17. En premier lieu, l'arrêté mentionne les considérations de fait et de droit qui fondent l'interdiction de retour, au regard des critères énoncés aux dispositions précitées du III de l'article L. 511-1 du code de l'entrée et du séjour et du droit d'asile. Dès lors, le moyen tiré d'une insuffisante motivation et le moyen tiré d'un défaut d'examen doivent être écarté.

18. En deuxième lieu, il résulte des éléments mentionnés au point 9 et de la circonstance que M. A s'est soustrait à la mesure d'éloignement dont il a fait l'objet en 2015 que le préfet n'a pas méconnu les dispositions du III de l'article L. 511-1 du code de l'entrée et du séjour des étrangers et du droit d'asile et n'a pas commis d'erreur d'appréciation de la situation de M. A en prononçant à son encontre une interdiction du territoire français pendant deux années.

19. Il résulte de tout ce qui précède que M. A n'est pas fondé à demander l'annulation de l'arrêté préfectoral du 8 août 2019. Ses conclusions aux fins d'annulation doivent être rejetées ainsi que, par voie de conséquence, ses conclusions aux fins d'injonction sous astreinte et celles demandant de mettre à la charge de l'État les frais liés au litige.

D E C I D E :

Article 1er : La requête de M. A est rejetée.

Article 2 : Le présent jugement sera notifié à M. E A, à Me Le Goff et au préfet de la Seine-Saint-Denis.
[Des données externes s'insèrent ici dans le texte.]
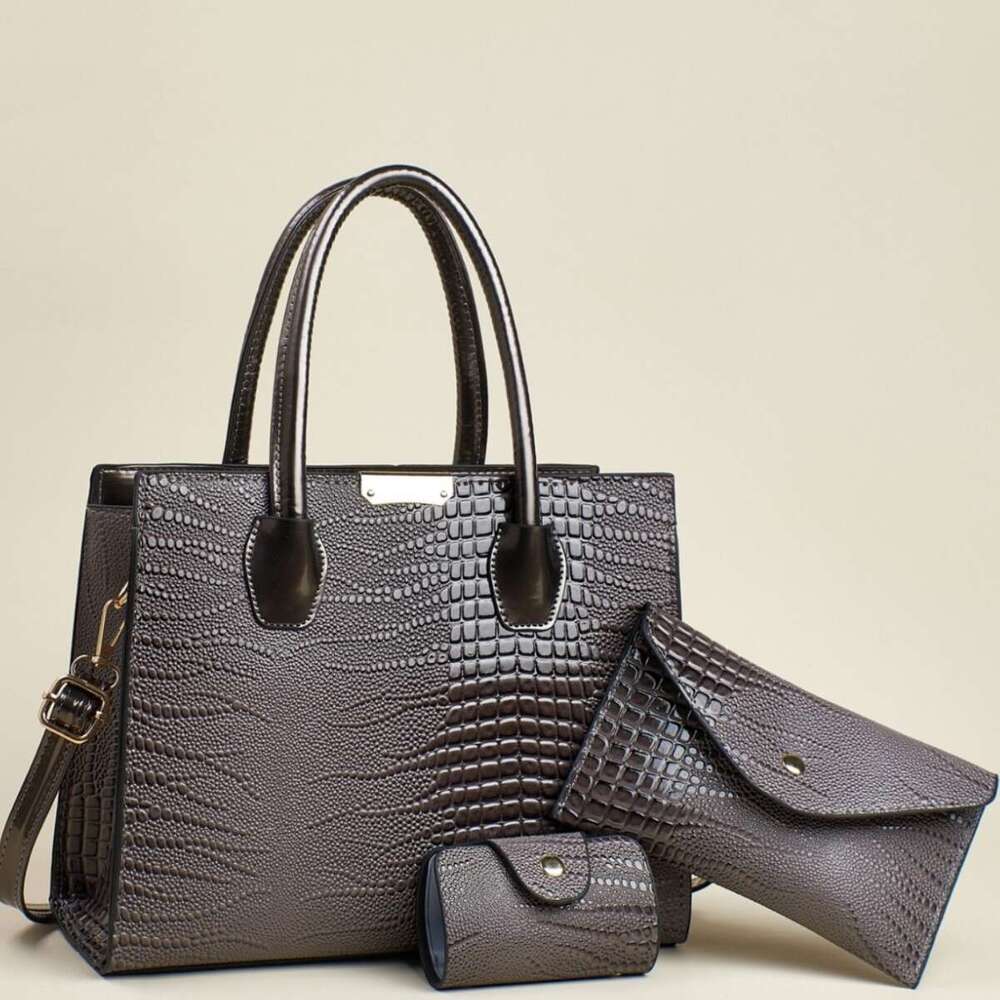 New Simple Lizard Texture Capacity Three-Piece Set Solid Color Versatile Stylish Women's Large Bag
Délibéré après l'audience du 23 juin 2022, à laquelle siégeaient :

M. Hoffmann, président,

M. Le Garzic, vice-président,

Mme Van Maele, première conseillère.

Rendu public par mise à disposition au greffe le 8 juillet 2022.

La rapporteure,

Signé

S. G

Le président,

Signé

M. D La greffière,

Signé

M. C

La République mande et ordonne au préfet de la Seine-Saint-Denis en ce qui le concerne ou à tous huissiers de justice à ce requis en ce qui concerne les voies de droit commun contre les parties privées, de pourvoir à l'exécution de la présente décision.